%%

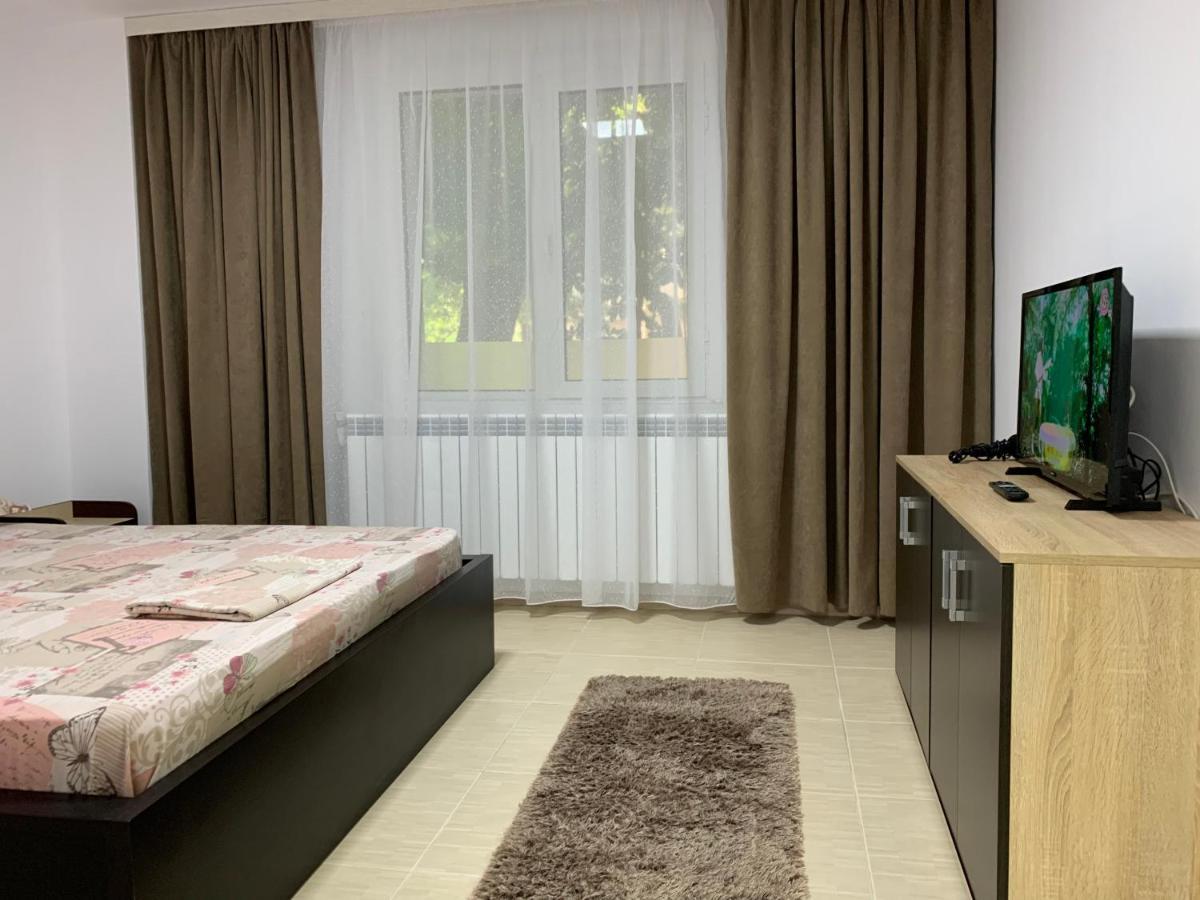 Eli Apartment Galaţi Екстериор снимка
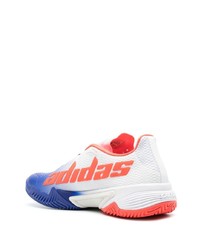 hellblaue verzierte niedrige Sneakers von adidas Tennis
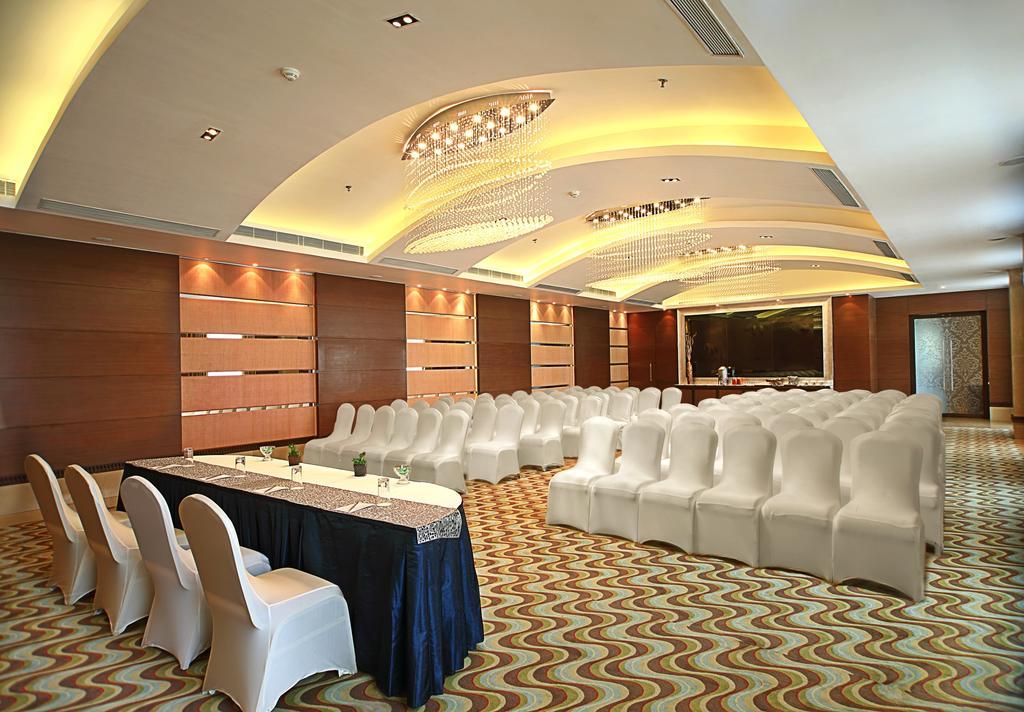 Fortune Select Sg Highway, Ahmedabad - Member Itc Hotels' Group 外观 照片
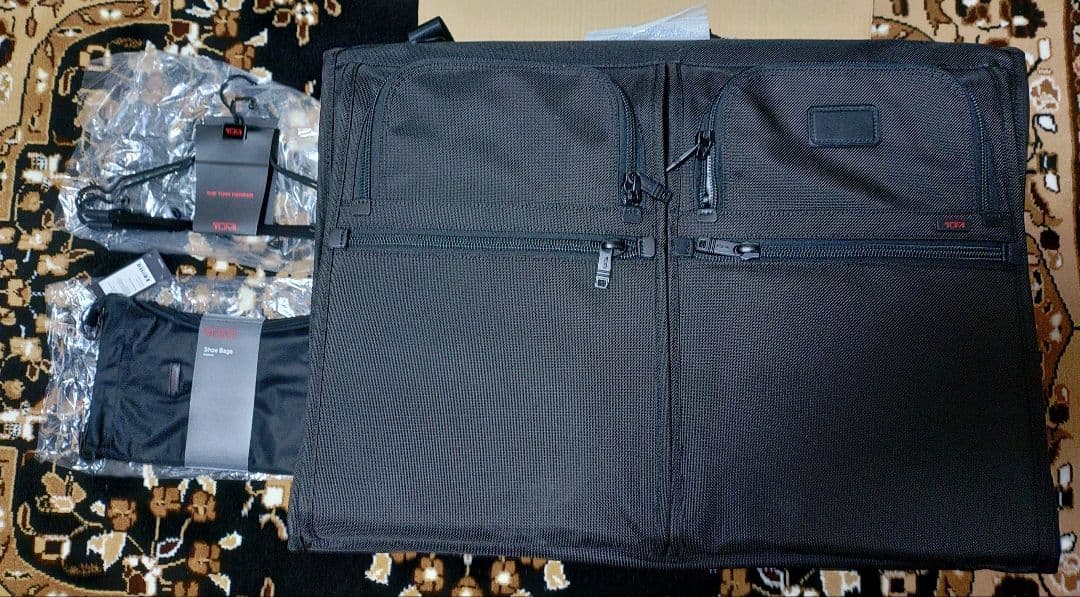 TUMI ガーメントバッグ ブラック ハンガーとシューズケースお付けします。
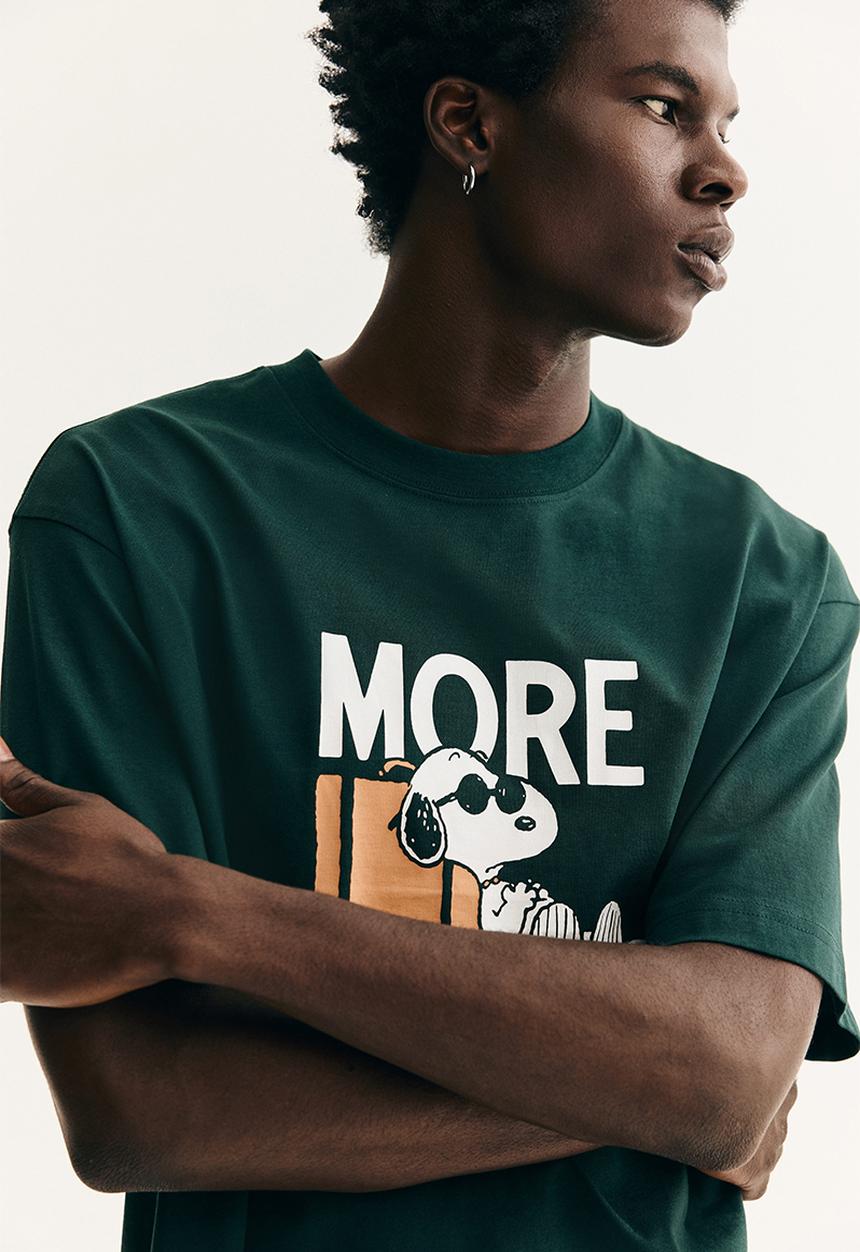 H&M - Loose fit t-shirt - dark green/snoopy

%%

§ Task to complete
Reproduce the entire listing exactly, except for any pictures it contains.

§ Solution to this task
 Eli Apartment Galaţi Екстериор снимка
 hellblaue verzierte niedrige Sneakers von adidas Tennis
 Fortune Select Sg Highway, Ahmedabad - Member Itc Hotels' Group 外观 照片
 TUMI ガーメントバッグ ブラック ハンガーとシューズケースお付けします。
 H&M - Loose fit t-shirt - dark green/snoopy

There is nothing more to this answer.